Dove ha portato benefici importanti?

Certamente, sul fronte della sicurezza, ma questo non significa abbassare il coefficiente di pericolosità. Quando sei in pericolo su una cresta a ottomila metri, il GPS, il telefono satellitare o il Garmin InReach non bastano. Il versante della montagna resta freddo e pericoloso, ostile come prima. Posso anche chiamare i soccorsi, ma non è detto riescano a raggiungermi per portarmi in salvo.

Sul fronte della comunicazione però, i cambiamenti sono evidenti. Soprattutto, quando non siete in parete. Come ti comporti in queste situazioni?

Sicuramente la narrazione è cambiata tantissimo. I sistemi di comunicazione sono diventati praticamente istantanei e continui.

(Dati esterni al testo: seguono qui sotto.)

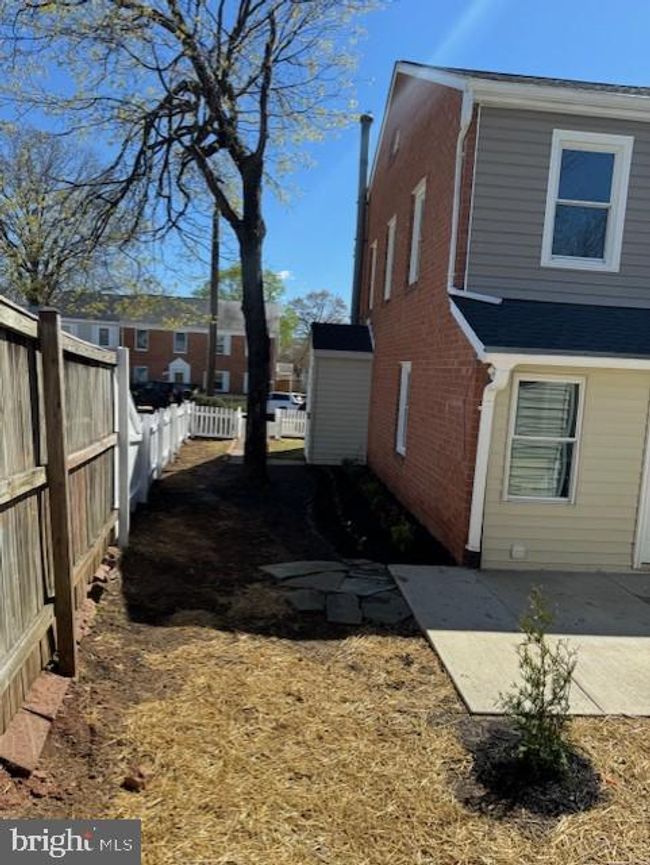 9252 Taney Rd, Townhouse with 3 bedrooms, 2 bathrooms and null parking in MANASSAS VA | Image 23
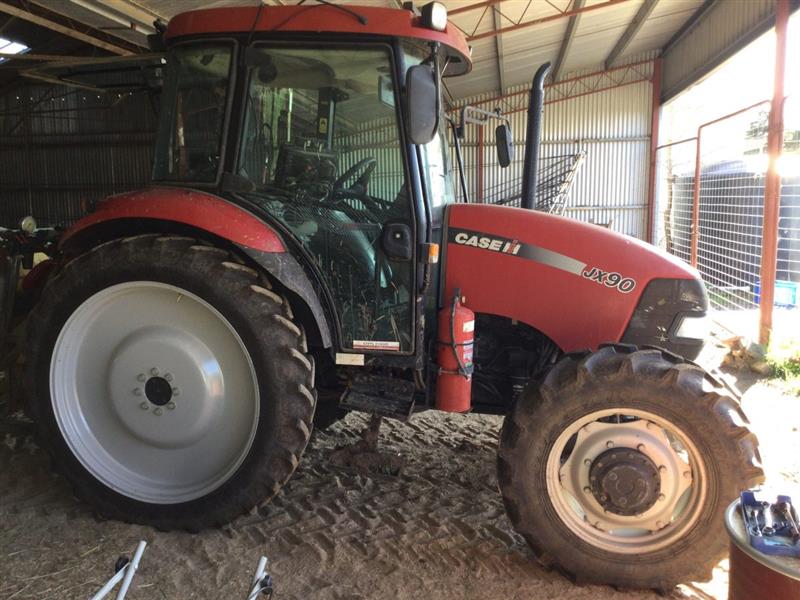 Photo 1. Case IH JX90 tractor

D’altra parte, non dobbiamo guardare al GPS o a InReach come abbattimento del pericolo. È semmai abbattimento dell’isolamento, un rendere più difficile perdersi. Ma ci si può fare male sempre e comunque.

Come consigli di sfruttare queste opportunità?

Pensare di potersi spingere oltre solo grazie alla tecnologie, a volte può diventare un rischio. Parliamo di strumenti al nostro servizio e dai quali non dover dipendere. Sono favorevole, ma li vedo come strumento e non protagonisti. Un dispositivo non significa avere il patentino di alpinista, nuotatore o anche solo fungaiolo. Può agevolare i soccorsi, ma tanto dipende sempre da noi.

Per chi invece resta diffidente, cosa consigli?

La possibilità di isolarsi resta, perché si può sempre scegliere comunque di farne  meno. Una visione forse romantica, ma certo realistica. La tecnologia è una scelta, se non piace, basta spegnere i dispositivi o lasciarli a casa. Mi riferisco però a esploratori o professionisti consapevoli delle proprie scelte. Da padre non lo consiglierei a mio figlio

Hai già pensato a cosa fari dopo la spedizione al Manaslu?

A volte mi rendo conto di poter sembrare quasi giurassico come alpinista agli occhi di qualcuno. Forse, dovrei essere più intelligente e pensare che a 55 anni sia arrivato il momento di mettermi sul divano e incicciottire facendo l’opinionista. Però, sul divano non mi piace stare e l’opinionista posso farlo anche dopo una doccia di ritorno da un allenamento. D’altra parte, non sono Mosè e prima o poi dovrò fermarmi. Non è detto sia l’occasione per congedarmi dagli ottomila e concentrami su obiettivi meno alti ma più impegnativi tecnicamente.